Mu, başak proteini (virüsün hücrelerimizi istila etmesini sağlayan yüzeyindeki taç gibisi çıkıntılar ve) için genetik kodundan birkaç anahtar mutasyon taşıyor. Bu mutasyonlar Mu’yu, virüsü nötralize etmek için başak proteini hedefleyen aşılara yahut evvelden hastalığı geçiren bağışıklık sistemleri tarafından üretilen antikorlara karşı dirençli hale getirebilir.
Geçen ay yapılan bir çalışma, bu mutasyonların varlığının Mu’nun “endişe verici bir varyant” olarak yine sınıflandırılmasını gerektirebileceğini öne sürdü. Bu terim, Delta da dahil olmak üzere şimdiye kadarki en tasa verici kimi varyantlar için kullanılıyor. Şimdi hakemden geçmemiş diğer bir çalışma, Mu’nun Pfizer aşısından yahut evvelki bir enfeksiyondan kaynaklanan nötralize edici antikorlara karşı başka telaş varyantlardan daha dirençli olduğunu buldu.

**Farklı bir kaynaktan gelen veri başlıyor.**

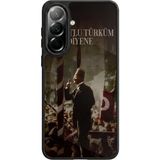 Samsung Galaxy A57 Uyumlu Mustafa Kemal Ataturk Tasarımlı Glossy Premium Kılıf - Siyah - Atatürk-289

Fakat, Pfizer aşının virüsün yepyeni versiyonuna karşı daha iyi müdafaa sağlamasına karşın, Mu varyantını da nötralize edebildiğine dair delil bulan İtalyan araştırmacılar, Mu’nun “aşı aktifliği için bir tasa olmadığı” sonucuna vardılar.

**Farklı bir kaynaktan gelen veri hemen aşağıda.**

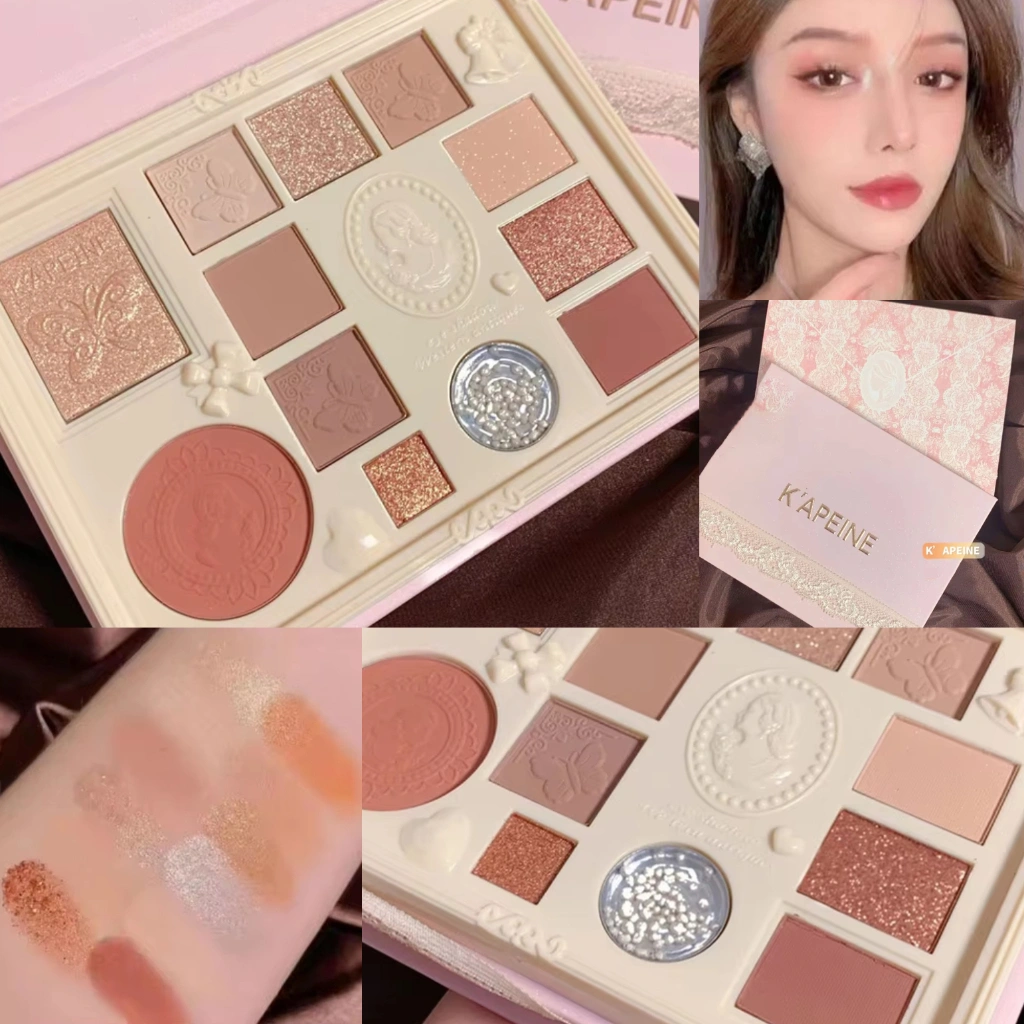 K'Apeine Eyeshadow Princess Pinky Eyeshadow 12 Warna Kapeine Eye Shadow Glitter Matte Eyeshadow Korea Eyeshadow Palet Eye Shadow K'apeine.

Virüsün ne kadar yayıldığı göz önüne alındığında, birçok bilim insanı, Mu üzere varyantların ortaya çıkmaya devam etmesini bekliyor.
Pennsylvania Eyalet Üniversitesi’nde bulaşıcı hastalıkların evrimini inceleyen profesör Andrew Read, geçtiğimiz ay Insider’a verdiği demeçte şunları söyledi: “Virüsün kendisi hala fenotip değiştiriyor, muhtemelen daha bulaşıcı hale geliyor ve ilaç tedavi rejimlerine ahenk sağlıyor. Kısa vadede duracağını düşünmek için hiçbir neden yok. Umudumuz, kısa vadede azamî bulaşıcılığına yaklaşması.”